■ **About this exercise**
Transcribe the records word for word. Leave every picture out.

■ **Materials provided**
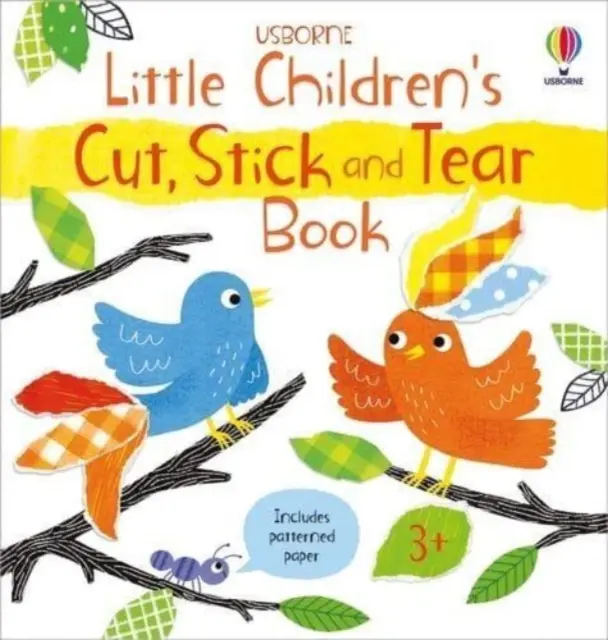 Knižka pre malé deti Vystrihuj, nalepuj a trhaj - Little Children's Cut, Stick and Tear Book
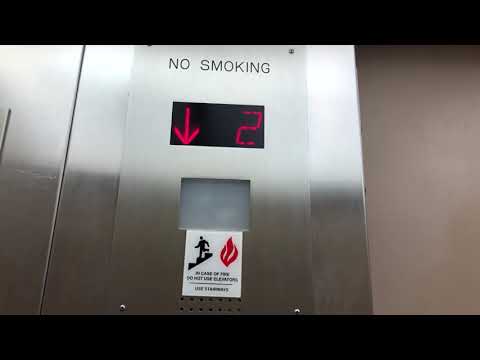 DEMOLISHED - Dover-Marshall Oildraulic/Schindler elevator - Keystone Hall - PennWest California - PA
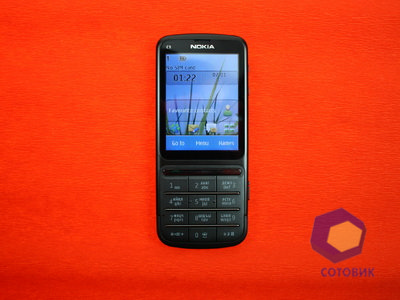 Nokia C3-01 Touch and Type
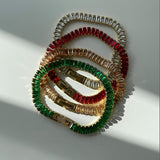 Bracelet Émeraude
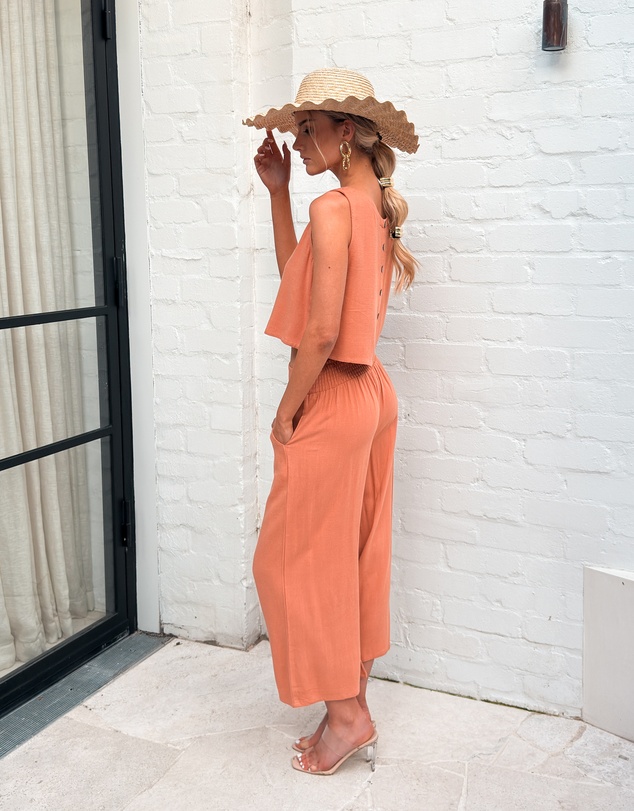 Esther & Co - Lighthouse Pants - Rust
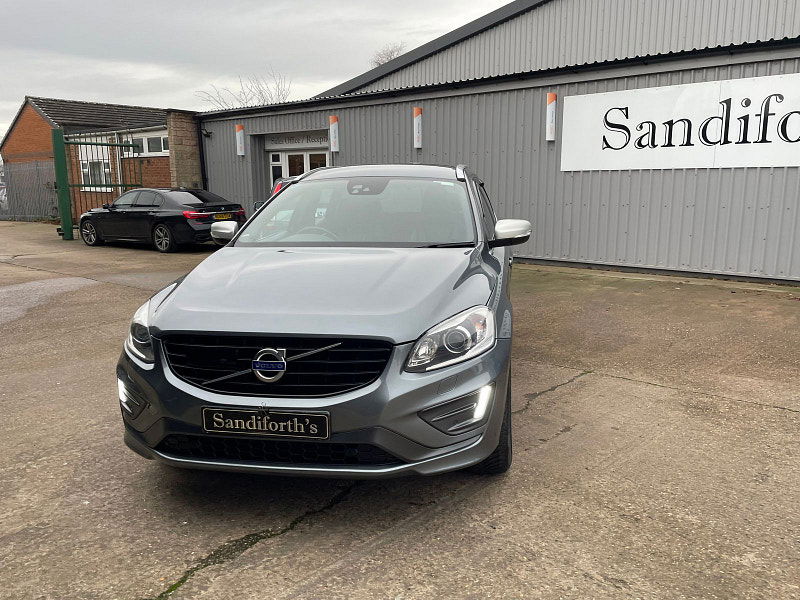 Volvo XC60 2.4 D5 R-Design Lux Nav SUV 5dr Diesel Auto AWD Euro 6 (s/s) (220 ps) 5dr Automatic 2026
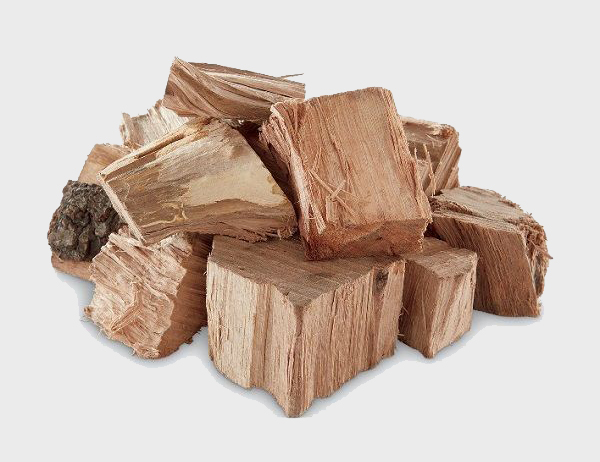 apple smoking wood chunks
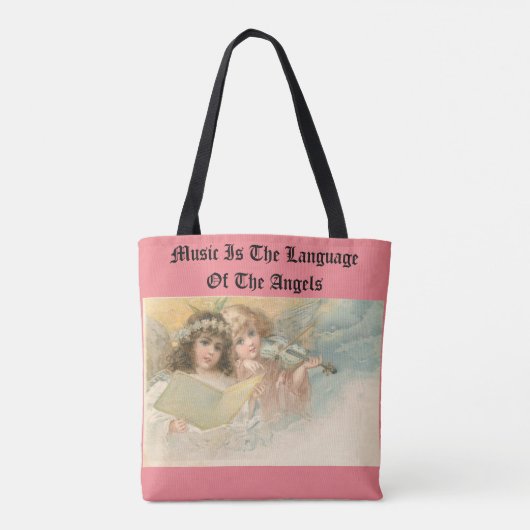 Taal van Angels Tas (Achterkant)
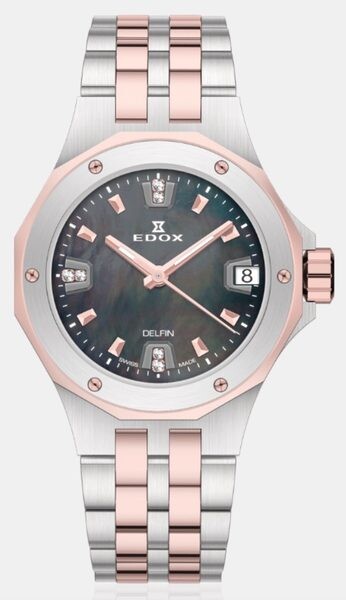 EDOX Sport Delfin The Original Date Lady 53100-357RM-NANRND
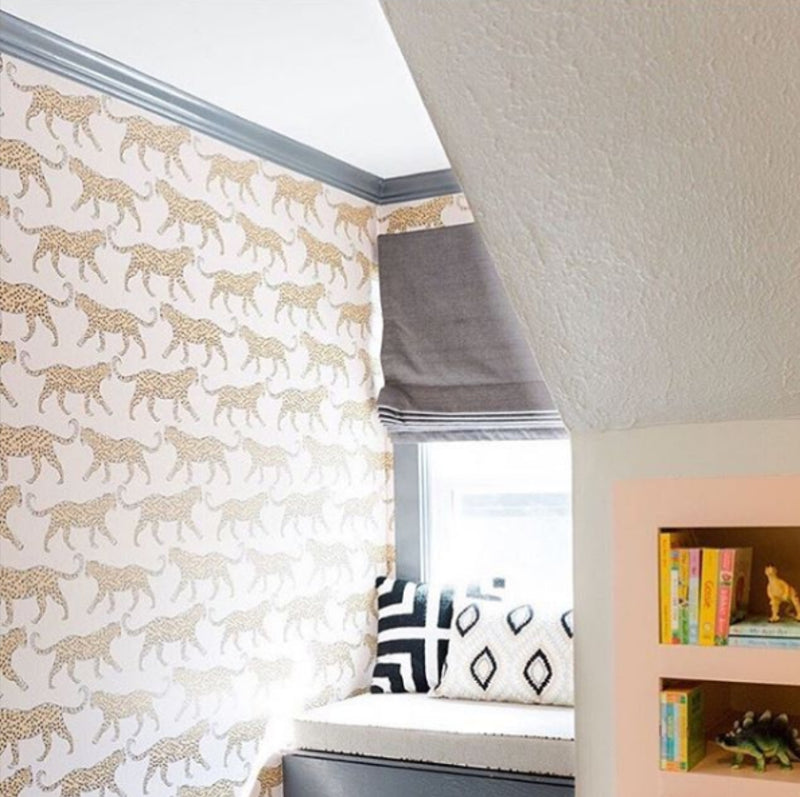 Leopard Wallpaper For Stylish Homes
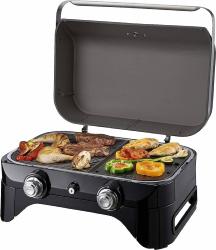 BARBECUE GAZ A POSER ATTITUDE LX GRIS 2100 cm²  Grille Culinary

■ **Problem solution**
 Knižka pre malé deti Vystrihuj, nalepuj a trhaj - Little Children's Cut, Stick and Tear Book
 DEMOLISHED - Dover-Marshall Oildraulic/Schindler elevator - Keystone Hall - PennWest California - PA
 Nokia C3-01 Touch and Type
 Bracelet Émeraude
 Esther & Co - Lighthouse Pants - Rust
 Volvo XC60 2.4 D5 R-Design Lux Nav SUV 5dr Diesel Auto AWD Euro 6 (s/s) (220 ps) 5dr Automatic 2026
 apple smoking wood chunks
 Taal van Angels Tas (Achterkant)
 EDOX Sport Delfin The Original Date Lady 53100-357RM-NANRND
 Leopard Wallpaper For Stylish Homes
 BARBECUE GAZ A POSER ATTITUDE LX GRIS 2100 cm²  Grille Culinary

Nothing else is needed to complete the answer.